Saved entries
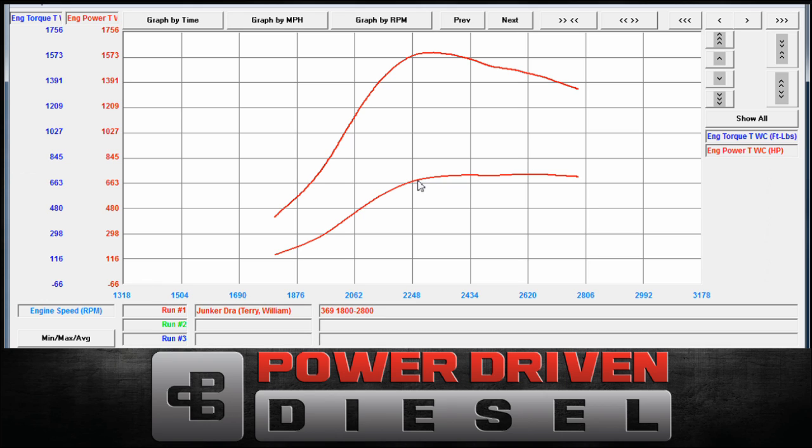It actually rips on the street. Anyway, that's the 369 on a race truck in the 0.80 T3 housing. Any questions about this turbo, always feel free to call us at the shop: 435-962-9555, go to PowerDrivenDiesel.com, subscribe to our YouTube channel and you'll get these videos as soon as they come out. Thanks and we'll see you next time.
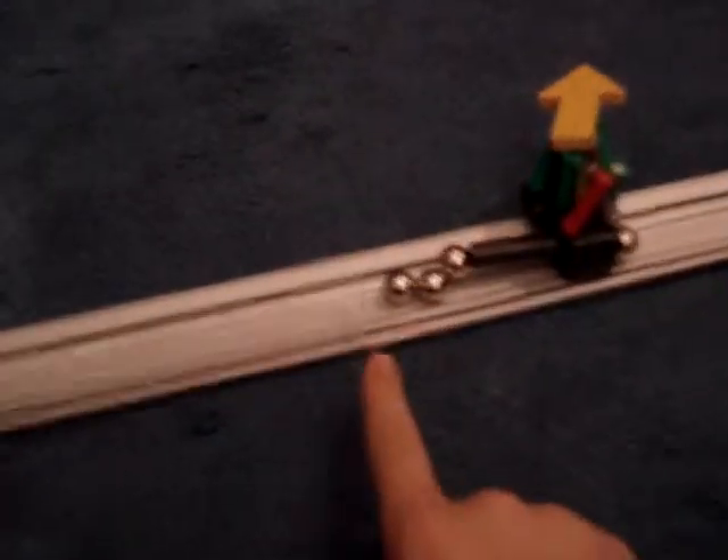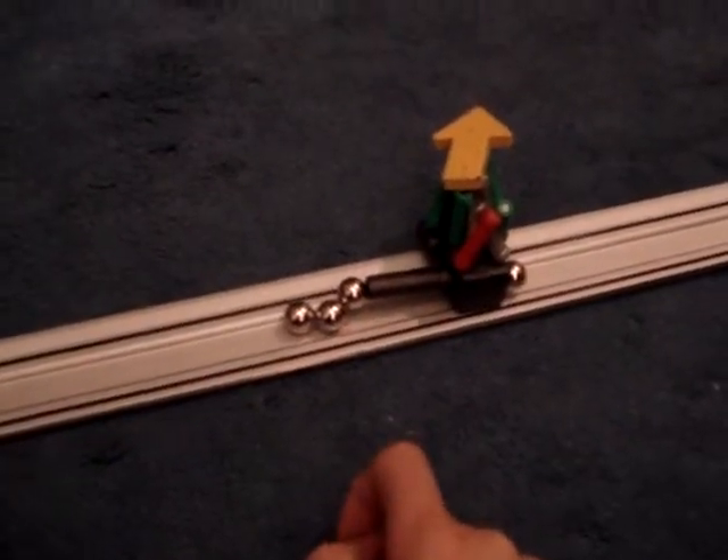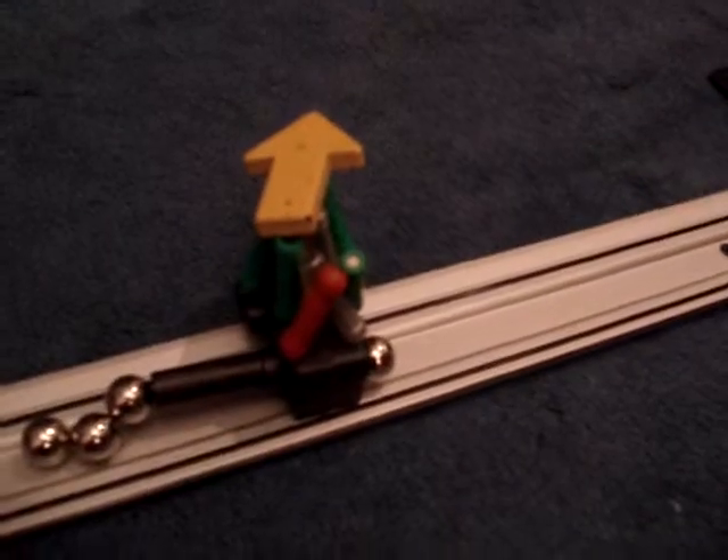So now we know that for this big magnet, we need three balls. If you want to make one, you need a strong magnet or a lot of little magnets. Thanks for watching. Bye.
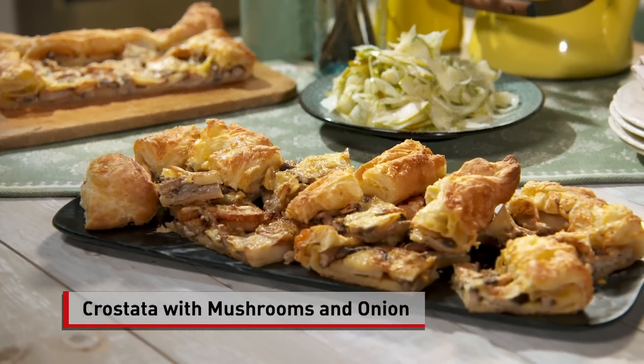Crostata di funghi e cipolla. Comfort in the kitchen. I am certainly more comfortable having Chef Cody Hogan with me in the kitchen. Cody Hogan is the executive chef at Lydia's Kansas City.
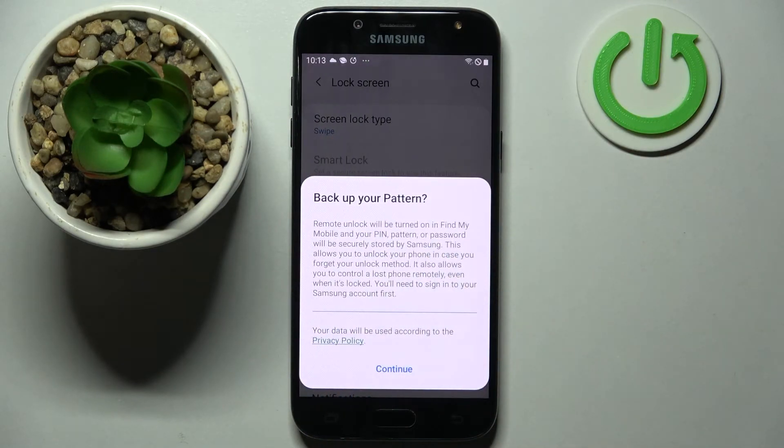Now, if you wish to back up your pattern, you can do that by clicking Continue and logging into your Samsung account. I don't want to do that, so I will go with the Home button.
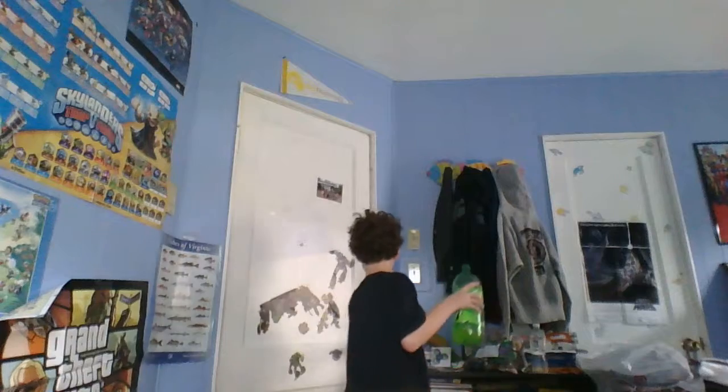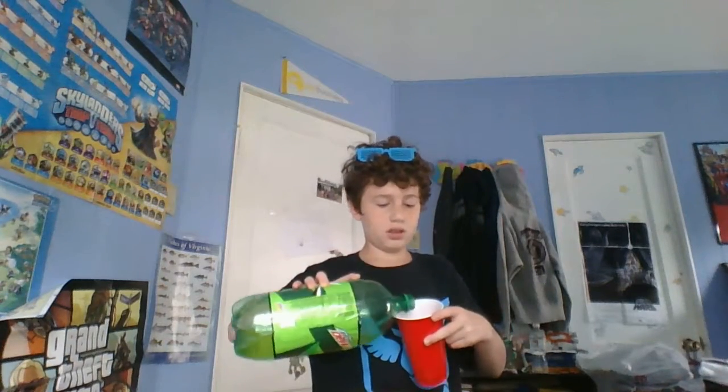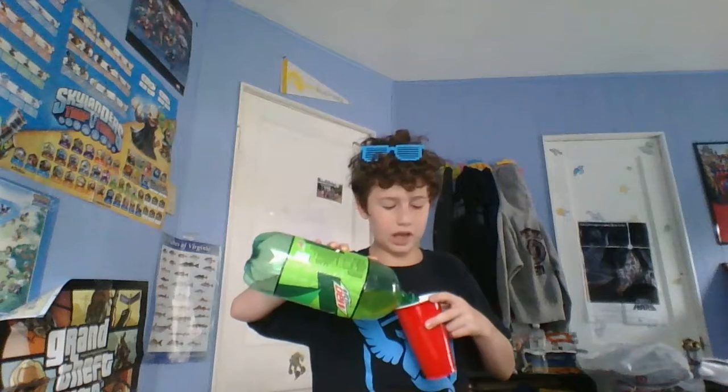Get a cup for this life hack. That's a cup! So, step one: get your favorite soda. Mine is Mountain Dew — hopefully yours is too. Step two: pour it in the cup carefully. Don't spill it on your own laptop.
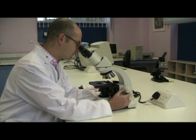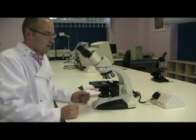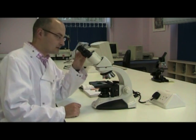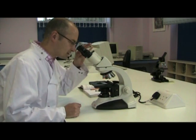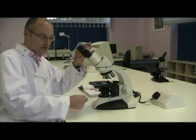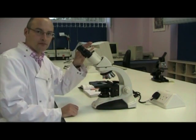When the specimen is in focus, then close your right eye and look down the left hand eyepiece. Focus the specimen, but this time using the focus setting on the eyepiece. Don't touch the microscope focus setting.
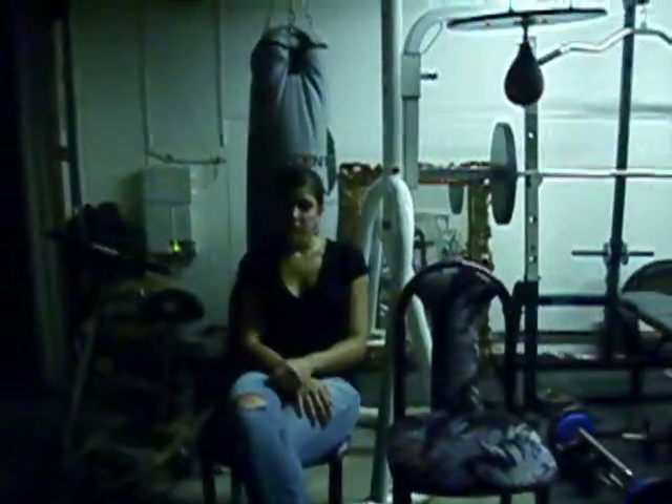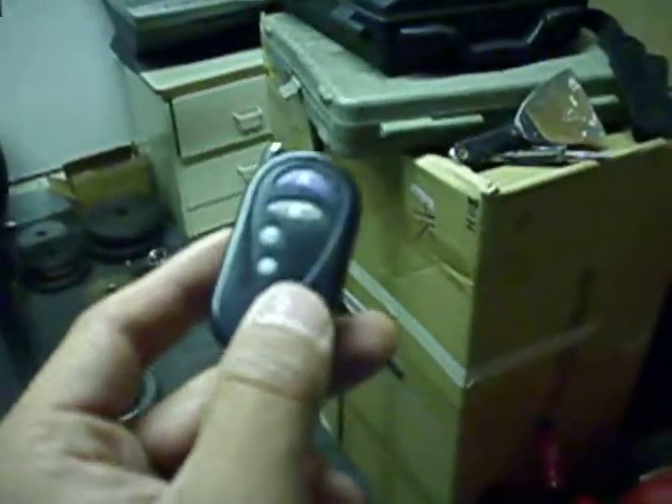Alright, here goes the LED lights. First of all, does it go? What's going on? Okay, that's the remote right here. I don't know if you can see it. There we go.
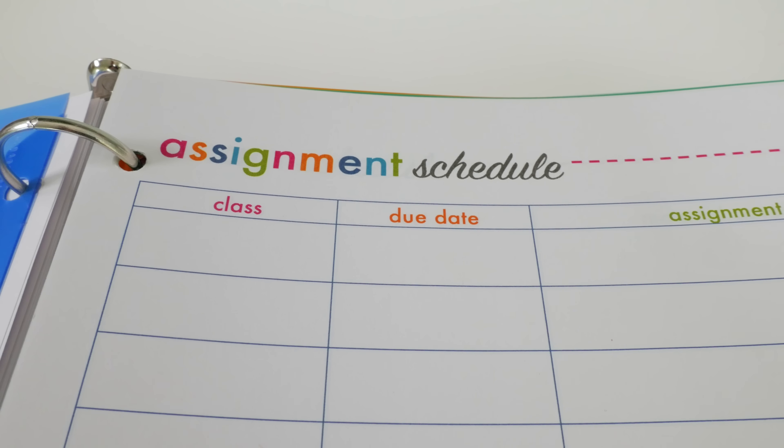The first page in each subject tab is a grade tracker. This way there are no surprises at the end of the quarter or semester. When the student gets their grade back, all they have to do is write down the date, what the assignment was, the grade, and then keep a running total in the final column so they can always see where they stand, what they're doing well, and what they could improve upon.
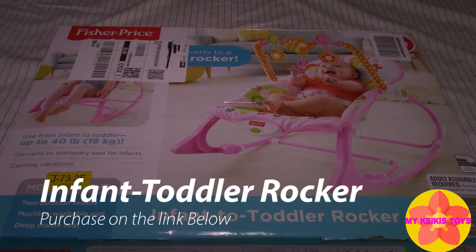Hi parents! Welcome to My Cakey's Toys. Here we're going to review the Fisher Price Infant to Toddler Rocker.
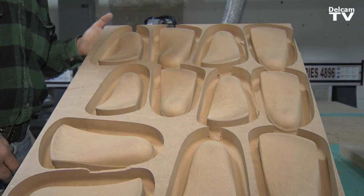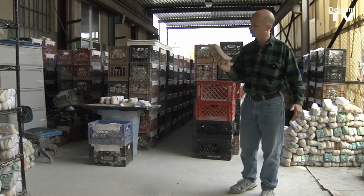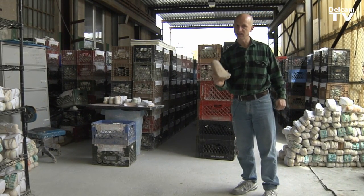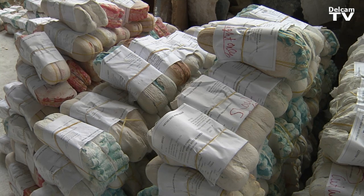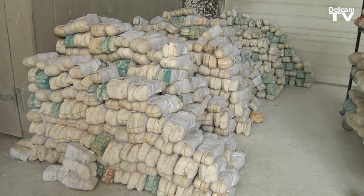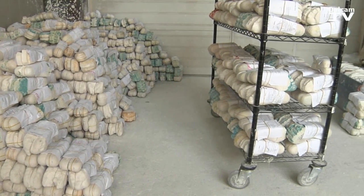This is what the DelCam OrthoMill program produces. The objective of using the OrthoMill program is to digitize this so we don't have that. All these casts can be eliminated and be digitally stored on a little hard drive, as opposed to using 3,000 square feet of space.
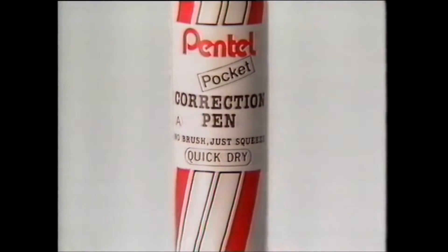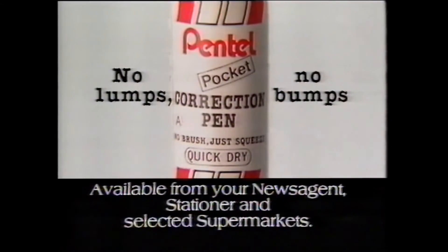Got it? Get it! Pantel pocket correction pen. Pantel pocket correction pen.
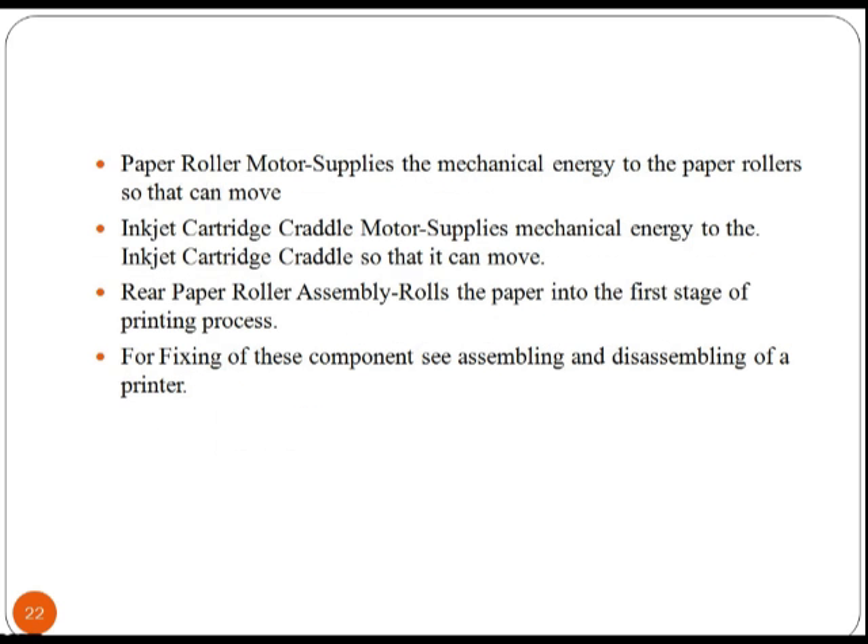The paper roller encoder gear sends information to an encoder so that the printer knows how far the paper has travelled inside. The paper roller motor supplies mechanical energy to the paper rollers so they can move. The inkjet cartridge cradle motor supplies mechanical energy to the inkjet cartridge cradle so that it can move. The rear paper roller assembly rolls the paper into the first stage of the printing process.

- [Work request]:
You are asked to reproduce each line above exactly, but to exclude the pictures.

- [Task output]:
It actually rips on the street. Anyway, that's the 369 on a race truck in the 0.80 T3 housing. Any questions about this turbo, always feel free to call us at the shop: 435-962-9555, go to PowerDrivenDiesel.com, subscribe to our YouTube channel and you'll get these videos as soon as they come out. Thanks and we'll see you next time.
So now we know that for this big magnet, we need three balls. If you want to make one, you need a strong magnet or a lot of little magnets. Thanks for watching. Bye.
Crostata di funghi e cipolla. Comfort in the kitchen. I am certainly more comfortable having Chef Cody Hogan with me in the kitchen. Cody Hogan is the executive chef at Lydia's Kansas City.
Now, if you wish to back up your pattern, you can do that by clicking Continue and logging into your Samsung account. I don't want to do that, so I will go with the Home button.
Get a cup for this life hack. That's a cup! So, step one: get your favorite soda. Mine is Mountain Dew — hopefully yours is too. Step two: pour it in the cup carefully. Don't spill it on your own laptop.
When the specimen is in focus, then close your right eye and look down the left hand eyepiece. Focus the specimen, but this time using the focus setting on the eyepiece. Don't touch the microscope focus setting.
Alright, here goes the LED lights. First of all, does it go? What's going on? Okay, that's the remote right here. I don't know if you can see it. There we go.
The first page in each subject tab is a grade tracker. This way there are no surprises at the end of the quarter or semester. When the student gets their grade back, all they have to do is write down the date, what the assignment was, the grade, and then keep a running total in the final column so they can always see where they stand, what they're doing well, and what they could improve upon.
Hi parents! Welcome to My Cakey's Toys. Here we're going to review the Fisher Price Infant to Toddler Rocker.
This is what the DelCam OrthoMill program produces. The objective of using the OrthoMill program is to digitize this so we don't have that. All these casts can be eliminated and be digitally stored on a little hard drive, as opposed to using 3,000 square feet of space.
Got it? Get it! Pantel pocket correction pen. Pantel pocket correction pen.
The paper roller encoder gear sends information to an encoder so that the printer knows how far the paper has travelled inside. The paper roller motor supplies mechanical energy to the paper rollers so they can move. The inkjet cartridge cradle motor supplies mechanical energy to the inkjet cartridge cradle so that it can move. The rear paper roller assembly rolls the paper into the first stage of the printing process.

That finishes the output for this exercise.